Desde el ámbito político tradicional, los excandidatos presidenciales Samuel Doria Medina y Jorge Tuto Quiroga han suscrito un acuerdo dentro del llamado “Bloque de Unidad”, en el que se comprometen a respetar el resultado de una encuesta cerrada para definir un único postulante. Lo más alarmante es que el mecanismo consiste en responder preguntas prediseñadas, lo que más se asemeja a un examen escolar que a una consulta ciudadana. En paralelo, otros actores como Manfred Reyes Villa y Chi Hyun Chung han conformado otro bloque con la misma intención: una sola cara, una sola voz, una sola opción.

Pero esta pretensión no es exclusiva de la oposición. Desde el oficialismo, Luis Arce Catacora también ha activado su maquinaria para consolidarse como la “única opción de izquierda” en el país. Ha convocado a las organizaciones sociales a construir un nuevo programa de gobierno que fortalezca al MAS como el único instrumento político de los movimientos sociales, intentando cerrar el paso a cualquier otra expresión progresista. Desde el poder, se impone el relato de que “lo popular” sólo puede tener una bandera y un rostro, lo que representa una forma sutil pero efectiva de exclusión.

Así, tanto desde la oposición como desde el oficialismo, la democracia boliviana se ve amenazada por una carrera para convertirse en “el único”, invisibilizando otras opciones, inhibiendo la pluralidad y distorsionando la competencia electoral.

La historia reciente de Bolivia nos demuestra que las alianzas circunstanciales basadas únicamente en la urgencia de derrotar al adversario político tienden a romperse con rapidez y derivan en crisis institucionales.

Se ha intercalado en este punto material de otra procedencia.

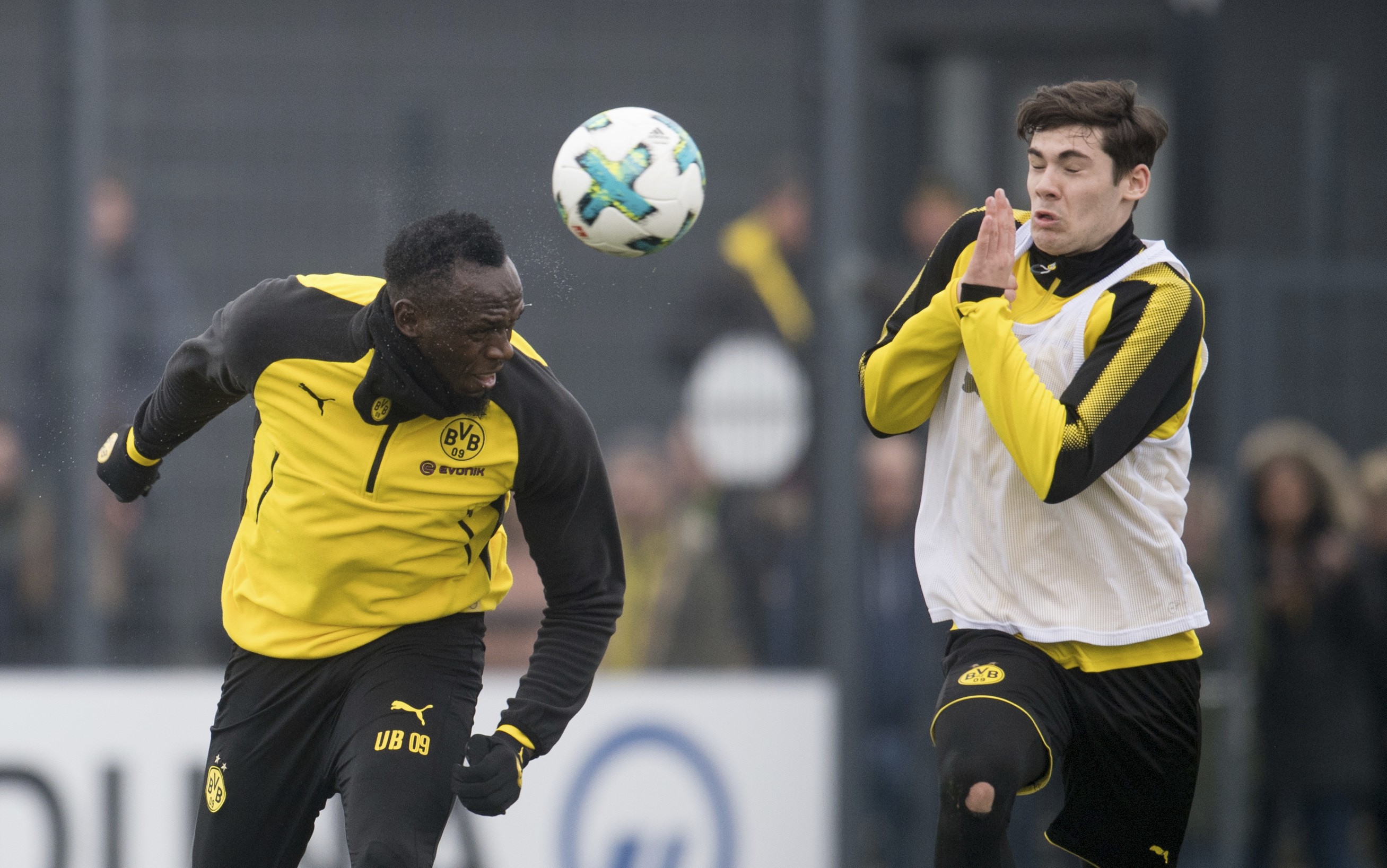 Jamaica’s former sprinter Usain Bolt heads the ball during a practice session with the Borussia Dortmund soccer squad. Photo: AP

Una supuesta unidad que no se articula desde una propuesta ideológica coherente, sino desde intereses personales o sectoriales, corre el riesgo de convertirse en una simple “juntucha”. Y en política, las juntuchas no gobiernan: colapsan.

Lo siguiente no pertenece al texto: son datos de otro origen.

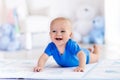 Baby boy playing and learning to crawl Royalty Free Stock Photo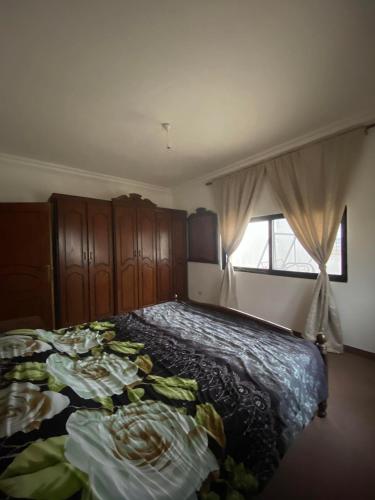 a bedroom with a bed and a window at Iyad apartment in Amman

El mayor peligro de una alianza electoral sin contenido es su efecto posterior en la Asamblea Legislativa Plurinacional. Si se fuerza una única candidatura presidencial a través de estas imposiciones y luego cada actor político exige su cuota legislativa, el resultado será una Asamblea atomizada, fragmentada y sin cohesión ideológica. Esto genera ingobernabilidad, paraliza la gestión pública y deteriora aún más la institucionalidad democrática, ya suficientemente afectada por años de crisis política.

Además, esta supuesta unidad termina por invisibilizar a nuevas voces y liderazgos ciudadanos, especialmente a jóvenes y mujeres, que no encuentran espacio en estos acuerdos de élite dominados por los mismos rostros de siempre. Se exige “unidad”, pero lo que se propone es continuidad.

La unidad no puede ser un fin en sí mismo. En democracia, la unidad debe surgir de un proyecto compartido, de un programa discutido colectivamente y de una ética pública común. No de encuestas privadas, algoritmos opacos o reuniones de hotel entre excandidatos.

Frente al discurso hegemónico de “la unidad o el desastre”, es necesario recordar que la verdadera derrota para la democracia no es la multiplicidad de candidaturas, sino la negación del derecho a elegir. Es el ciudadano quien debe decidir entre alternativas reales, no entre lo que un puñado de actores deciden por él bajo amenaza de dispersión.

No hay democracia sin pluralismo. No hay libertad sin opciones. Y no hay transformación sin ideas. Quienes hoy promueven la unidad como una urgencia electoral olvidan que los derechos no se negocian en función del cálculo político. La democracia no es un acuerdo entre notables, es un proceso abierto, participativo y garantizado por la Constitución.

La verdadera unidad no silencia, no excluye y no condiciona. La verdadera unidad se construye con libertad, no con imposiciones.